Assaf Urieli: Computational Yiddish Linguist
Assaf Urieli didn’t set out to revolutionize Yiddish literary scholarship. He just wanted a better way to study his roots.
A South African–born, Israeli-raised, American-trained software engineer who lives with his wife and two sons in the French Pyrenees, Assaf, age forty, began several years ago to read everything he could find about his maternal grandmother’s hometown of Shavl, Lithuania. As his research continued, he soon found himself wishing for a faster way to gather information.
“At one point I downloaded a scanned copy of the Shavl yizkor book, Azoy zaynen mir geshtorbn [This is How We Died]. I was thinking to myself how much simpler it would be if I could search the entire book electronically to find references to certain family names. And then I thought, why not?”
Why not train a computer to read Yiddish?
As a computer scientist with a specialty in computational linguistics, Assaf was familiar with a technology called optical character recognition. An application that enables computers to look at a page of printed text, identify individual letters, and determine the words they represent, OCR has existed for English and other languages for some time. But Yiddish OCR has proven far more chimerical. One longstanding project finally reached 80 percent accuracy, which sounds pretty good until you realize that that means every fifth letter— or on average, every word—is wrong. Far more successful is a Yiddish OCR program developed by Refoyl Finkel, a professor of computer science at the University of Kentucky. But Dr. Finkel’s program needs to be specifically adapted for each new title. Assaf, on the other hand, dreamed of a program that would work across all Yiddish titles and, moreover, would employ artificial intelligence to learn from its mistakes, thereby increasing its accuracy with every book.
The reason no one has accomplished such a feat until now is the sheer complexity of the task. There are almost 40,000 separate Yiddish titles. Published in different countries, they vary widely in appearance, with different layouts, different fonts, broken type, imperfect printing, and a surprisingly wide range of spelling conventions. All these factors conspire to make modern Yiddish a difficult fit for computerized textual interpretation. Consistency may be the hobgoblin of little minds, but it is almost a prerequisite for OCR.

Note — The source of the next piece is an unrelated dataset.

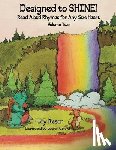 Resor, Joy B - Designed to SHINE! Read Aloud Rhymes for Any Size Heart - Volume Two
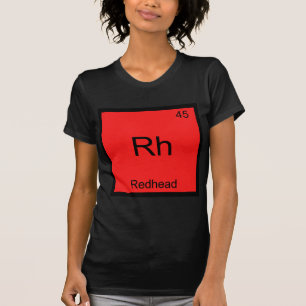Rh - Ruiva Camiseta engraçada com símbolo de eleme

Fortunately, Assaf is not one to be easily daunted. He first started tinkering with computers when he was ten. He speaks five languages. He has lived on four continents. He published a book of modern riddles under the pen name Moyshele Rosencrantz. He once recorded a CD of eighteen songs by the great French singer-songwriter Georges Brassens. For his day job he runs a successful software company whose clients include the French space agency. If anyone had the technical and linguistic skills to develop a comprehensive, fully functional OCR application for Yiddish it was Assaf. And, of course, he had a potent personal motivation: the desire to better understand his own family’s history.
“I have always been fascinated by genealogy,” Assaf says. “The funny thing about my family is that if you look at five generations of us, we speak five different languages. My great-grandmother grew up in Lithuania speaking Yiddish. My grandmother’s first language was Russian, my mother’s was Hebrew, mine is English, and my sons’ is French. I always thought that to understand the people who came before, you had to know the language, the culture of their time and place. Well, a hundred years ago my ancestors were all speaking Yiddish. This was their language.”

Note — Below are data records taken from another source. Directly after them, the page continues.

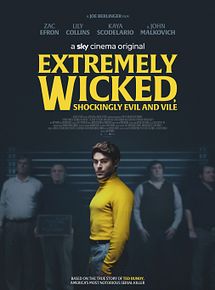 Affiche de Extremely Wicked, Shockingly Evil and Vile, film à voir en streaming sur Pygargue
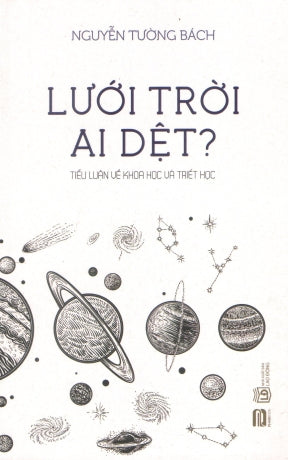 Lưới Trời Ai Dệt ( Tiểu Luận Về Khoa Học Và Triết Học ) .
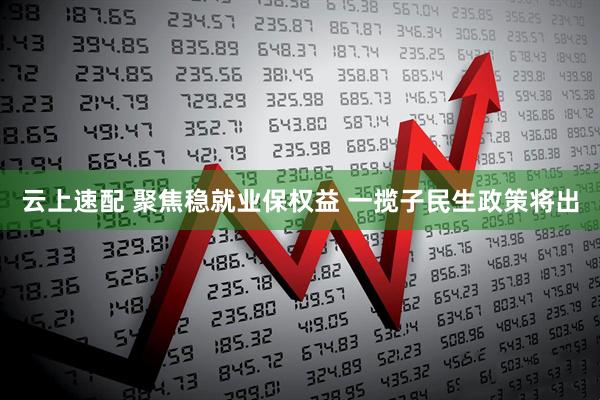 云上速配 聚焦稳就业保权益 一揽子民生政策将出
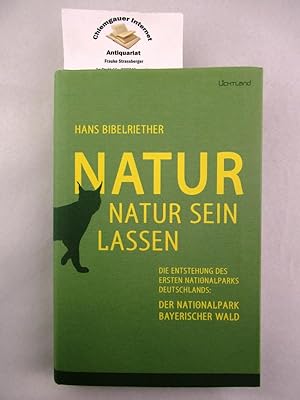 Seller image for Natur Natur sein lassen : die Entstehung des ersten Nationalparks Deutschlands: der Nationalpark Bayerischer Wald. for sale by Chiemgauer Internet Antiquariat GbR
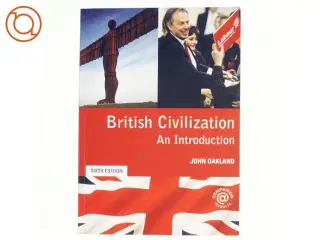 British civilization : an introduction af John Oakland (Bog)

In 2009, at a lab at the University of Toulouse (where he is pursuing a PhD in computer science), Assaf started writing a program he called Jochre—an acronym for Java Optical Character Recognition. He prepared a “corpus” of Yiddish texts and annotated it by hand, a technique that would allow the computer to recognize patterns within the annotated text and eventually learn how to annotate a new text on its own. Meanwhile he fed the program word lists so that it could begin to differentiate between actual words and random arrangements of letters.

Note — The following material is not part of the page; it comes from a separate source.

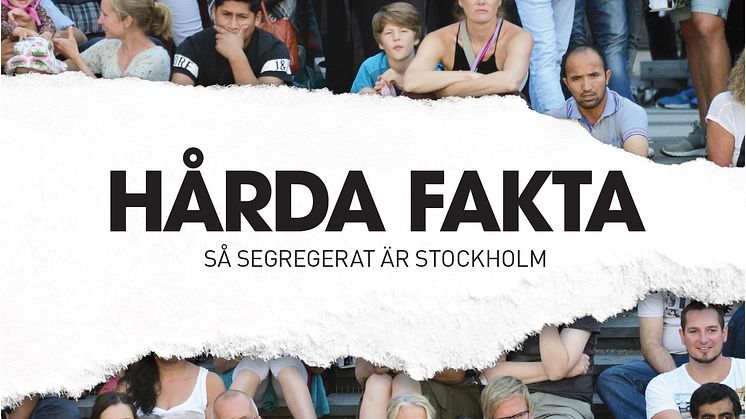 Fyra förslag på åtgärder presenteras i rapporten "Hårda fakta - så segregerat är Stockholm"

“I was naively hoping to finish writing Jochre over the summer,” Assaf says. “Wishful thinking. It turned out to be a bigger project than I thought.”
The first time Assaf directed the machine to interpret the training corpus, it made many mistakes. It couldn’t always tell the difference, for instance, between a daled and a reysh, two letters that look quite similar in the Hebrew alphabet. Assaf corrected the analysis and added the corrected texts to Jochre’s training corpus. Then he directed the program to run another interpretation. With each pass the computer’s accuracy improved.
By the spring of 2011 Assaf had managed to double the training corpus from thirty to sixty pages. When Jochre finally achieved an accuracy of 97 percent, Assaf knew it was time to share his achievement. He sent an email to the Yiddish Book Center to see if we might be interested in collaboration.
“It was a ziveg min hashomayim—a match made in heaven,” says Aaron Lansky, noting that OCR has been a dream of the Yiddish Book Center ever since it started digitizing Yiddish books fifteen years ago. “At the risk of mixing metaphors, OCR is the holy grail of Yiddish digitization —a way to do instant, Google-like searches of millions of pages of Yiddish literature. Research that might take a scholar ten years to complete could be done in ten seconds instead.”
Last year, Yiddish Book Center fellow Josh Price worked closely with Assaf to further expand Jochre’s training corpus. With each refinement, a fully functional, industrial-scale Yiddish OCR has come into sharper focus. Josh has since gone on to graduate studies in Jewish history, and a new fellow, Agnieszka Ilwicka, has taken over his responsibilities.
“I think little by little, within the year, we will have something that we are ready to show the world,” says Assaf, “to publicize and say, ‘Here it is. Yiddish literature is here, and it is searchable.’”